You can keep employees motivated by having the team and individual members set goals on a monthly, weekly, or daily basis, as is necessary. The goals should be realistic but challenging enough to push the employees beyond their comfort zone and keep them excited about their duties. Besides that, the goals should be broken down into smaller objectives, as the latter are less daunting and will encourage staff to keep going.  Furthermore, it is important to acknowledge when aims are achieved, as doing so makes the employees feel appreciated and encourages them to work harder and be more motivated for the next job. Acknowledging accomplishments can be as simple as thanking workers during team meetings. 

6. Foster Community 

People find it harder to do great work when they do not feel like they belong. You can do something about this by getting to know your staff members on a personal level, while still maintaining professionalism. Do not just ask them about deadlines and projects, but also have conversations about their aspirations and hobbies. Also, you should allow them to know you and their fellow employees on a personal level as well. This means opening up to them, and creating opportunities for remote workers to bond outside work. Besides that, you need to be wary of micromanaging your employee’s life. Yes, it is important to keep track of their work progress, but you should give them enough space to do the work they were hired for. Micromanaging your employee’s life and duties shows that you have little faith in them and this can discourage any staff member. Additionally, the employee knows his or her remote work environment and schedule better than you do, so it is pointless to micromanage him or her in the first place. When you foster community among the team, you make the work environment more inviting and your team views you as an approachable manager. As a result, staff members perform better because they like you and the people they collaborate with. In addition, employees are more likely to seek help when needed. 

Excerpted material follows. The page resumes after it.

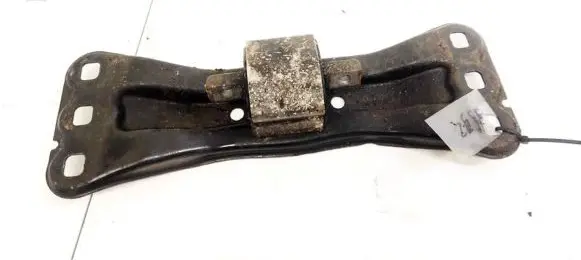 Mercedes-Benz C W203 Engine mount bracket A2032420601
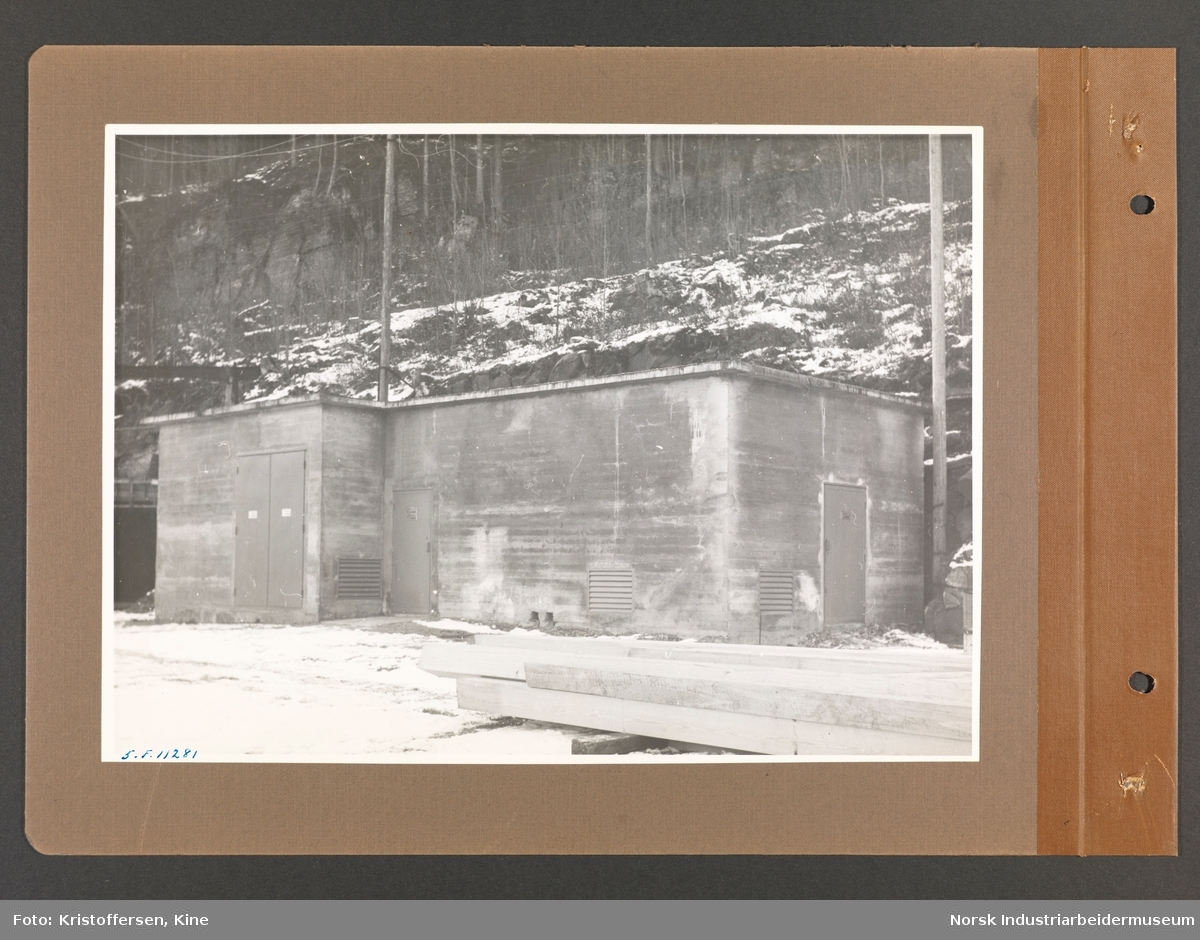 Fotoalbum med 48 sider og 46 innlimte fotografier fra Norsk Hydro på Herøya.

7. Provide Access to The Right Tools

Without the proper equipment, team members will not only be demotivated, they will likely not produce good quality work. You can prevent this situation by first ensuring your team members have access to quality internet connection and proper functioning laptops or computers. Next, depending on your team’s needs and structure, the proper communication tools should be identified and made available. Employees may also need a project management platform which keeps tasks and ideas organized and makes it easier to collaborate on projects. Here at RemotePass, we use notion to oversee projects, and slack for communication. Besides the basics mentioned, you should take the time to ask your team members what equipment and tools are needed to improve work productivity. 

Although, as a manager, you should implement these tips, it is crucial that you do so with the proper attitude. Do not manage a team with the belief that you always know best, and oversee your team in a loving, non-judgmental way.

Afterall, without your team’s cooperation, you are not really a manager, talk less of a good one.